---- TASK MATERIAL

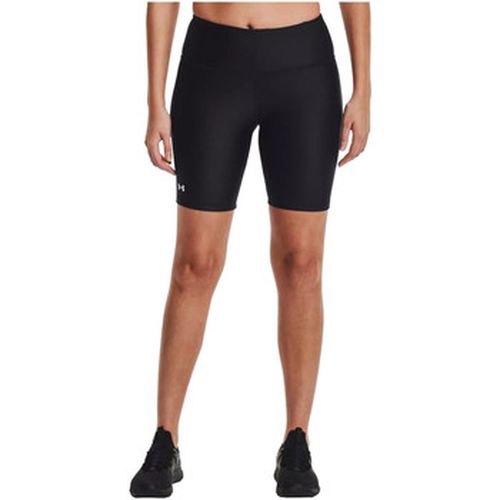 Pantalon HG Bike Shorts - Under Armour - Modalova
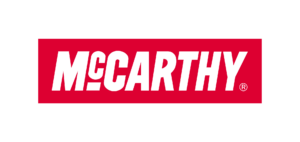McCarthy Bar Logo RGB Red (1) (002)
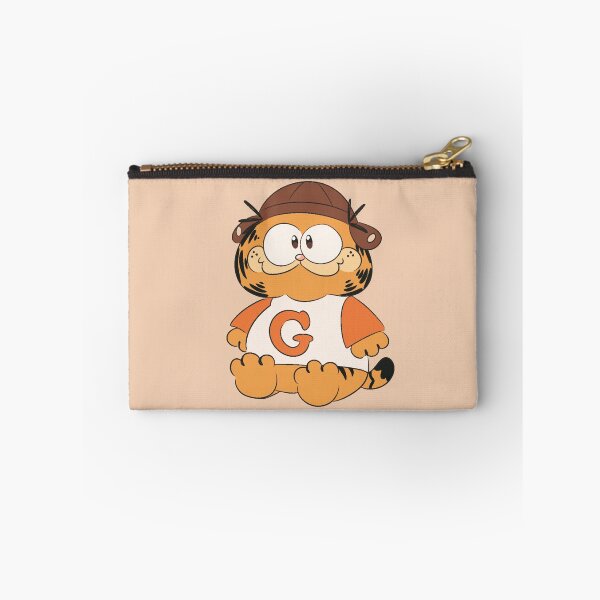 Item preview, Pilot Garf Plush designed and sold by Nullkunst.
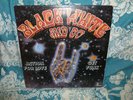 BLACK WHITE § CO Rare 12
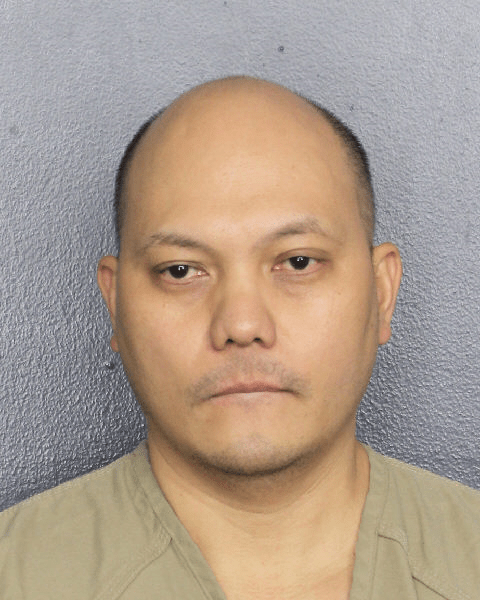 Third Disney Cruise Worker Arrested on Child Porn Charges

--------

> _ASSIGNMENT_
Return the line containing "Item preview, Pilot" and every line after it through the end of the records above, exactly and nothing else, but not the pictures.

> _ANSWER BOX_
 Item preview, Pilot Garf Plush designed and sold by Nullkunst.
 BLACK WHITE § CO Rare 12
 Third Disney Cruise Worker Arrested on Child Porn Charges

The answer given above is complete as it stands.